Time is ubiquitous in road safety data, since collisions and road safety implementations always happen at some point in time. This section will show how you can analyse the temporal dimensions of the real world crashes_2021 object we created in Chapter 4, and then demonstrate how to handle time series data in base R, as well as with hms and lubridate packages. The aim is to get you up-to-speed with how data analysis with time data ‘feels’ before learning the details in subsequent sections. If you are the kind of person who likes to know the details first, feel free to skip this section and return to it later.
library(tidyverse)
── Attaching core tidyverse packages ──────────────────────── tidyverse 2.0.0 ──
✔ dplyr 1.1.4 ✔ readr 2.1.5
✔ forcats 1.0.0 ✔ stringr 1.5.1
✔ ggplot2 3.5.2 ✔ tibble 3.3.0
✔ lubridate 1.9.4 ✔ tidyr 1.3.1
✔ purrr 1.1.0
── Conflicts ────────────────────────────────────────── tidyverse_conflicts() ──
✖ dplyr::filter() masks stats::filter()
✖ dplyr::lag() masks stats::lag()
ℹ Use the conflicted package (<http://conflicted.r-lib.org/>) to force all conflicts to become errors
crashes =tibble(casualty_type =c("pedestrian", "cyclist", "cat"),casualty_age =seq(from =20, to =60, by =20),vehicle_type =c("car", "bus", "tank"),dark =c(TRUE, FALSE, TRUE))

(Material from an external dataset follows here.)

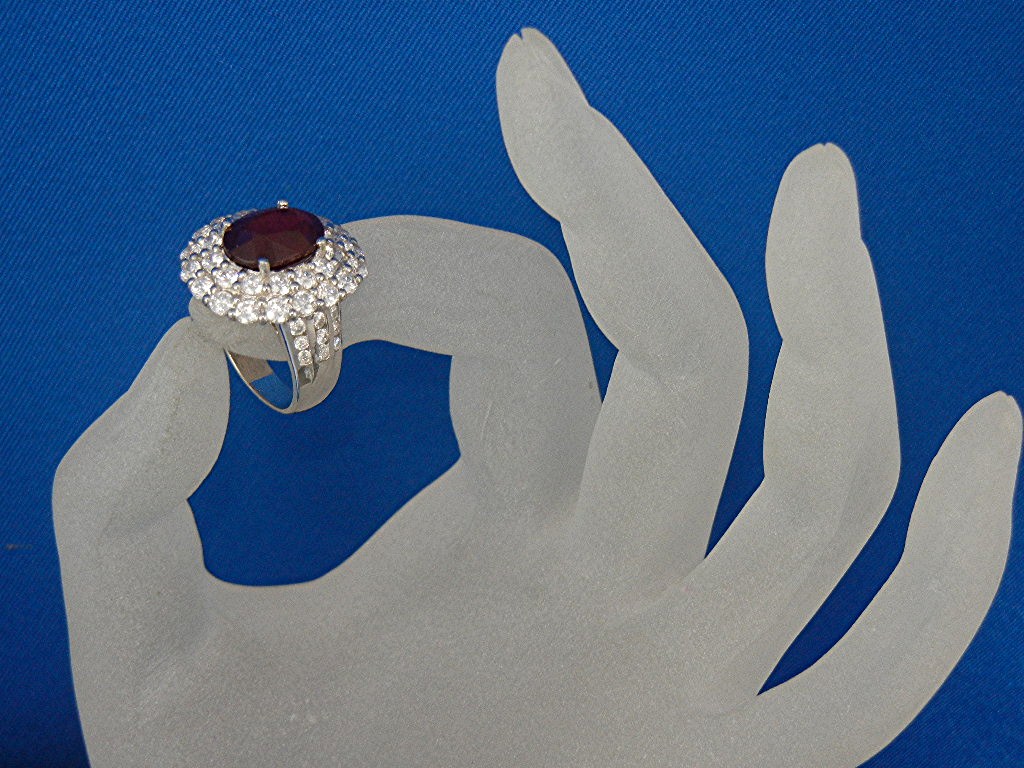 Ruby 7 Ct and White Sapphires Sterling Silver Ring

6.1 Temporal analysis of crash data
To get a feel for temporal data analysis in R, let’s start by reading-in crash data for 2021 with the stats19 package by typing the following into the Source Editor and running the code, line-by-line, as taught in Chapter 3:
library(stats19)crashes_2021 =get_stats19(2021)
Note that, unlike the longer crashes_2021 = get_stats19(year = 2021, type = "accidents") used in Chapter 4, we did not use named arguments in this code chunk. Instead of year = 2021, we simply typed 2021. That is possible because R functions can be specified by name matching or order: the first argument of get_stats() is year, so the function is expecting a year value. Also, although we didn’t explicitly specify the accidents table, type = "accidents" is the default value, so type only needs to be specified when importing casualty and vehicle datasets.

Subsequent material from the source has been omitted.